Power Consumption and Conclusions
The power consumption on the ASUS 9800 GT Matrix card is right on par with that of the Galaxy model – 163 watts at idle and about 245 watts under a full load. The AMD cards are bit more efficient when paired with the Intel chipset motherboard while at idle but are still right at that 240+ watts under load.
We have come to know and love the G92 GPU from NVIDIA – after all we have had dozens of graphics cards built around this technology pass across our test bench over the last 12 months or so. The 9800 GT 512MB solution is a great gaming performer that we have seen drop in price over that same period (thought known as the 8800 GT as well) and would wager that you could throw even the latest PC games at with more than acceptable results. Our tests show just that in fact.
For our short round of benchmarks, including Bioshock, Call of Duty 4 and Crysis, the ASUS 9800 GT Matrix, with its overclock core, shader and memory speeds, was able to produce playable frame rates at 1600×1200 and 2048×1536 in most cases.
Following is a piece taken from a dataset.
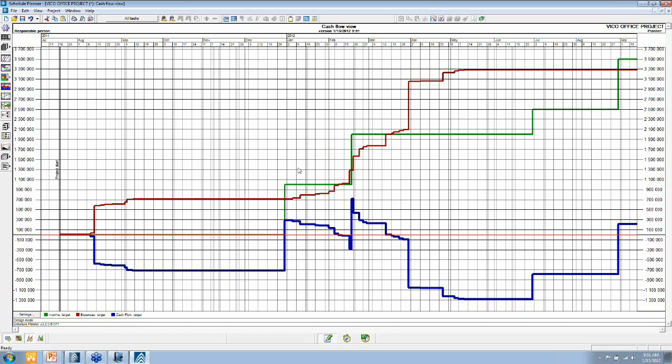Then in addition to that, I can also define income events, and I define just randomly three income events, one over here, one over here, and one over here.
Not only that, but the brand-new Radeon HD 4830 512MB is only just competing with the 9800 GT, not beating it out right. And since these two products are similar in price that gives NVIDIA and its partners, like ASUS, a fighting chance to make some money this holiday.
Features and Extras
Most GeForce 9800 GT cards, or any GeForce brand actually, tend to be pretty plain when it comes to out-of-the-box features. The ASUS GeForce 9800 GT Matrix moves past the standard pair of DVI ports to offer some nice on-board features including an HDMI port and an integrated optical digital audio output. There is still a TV output connection that supports both standard definition S-Video and component HDTV output via the included dongle.
Overall, the Matrix has a complete package for gamers as well as enthusiasts that want to mix some gaming and home theater action.
Pricing and Availability
As of this writing, you can find the ASUS EN9800 GT Matrix 512MB card for about $129 at a handful of online retailers. About a year ago, this same technology, but running a few clocks lower, would have cost you more than $260 so to say that gaming prices on the PC have dropped significantly would be an understatement. The 9800 GTs primary competitor, the AMD Radeon HD 4830 512MB, is going for about $119 in some places making the debate for the best mid-range graphics a continuing process.
The ASUS ENG9800 GT Matrix 512MB graphics card is one of our favorite new low-to-mid-range graphics cards that you can pick up today for well under $150. If you are looking for an upgrade to an aging GPU of your own and don’t have much money to spend, this overclocked G92-based product will fit the bill perfectly.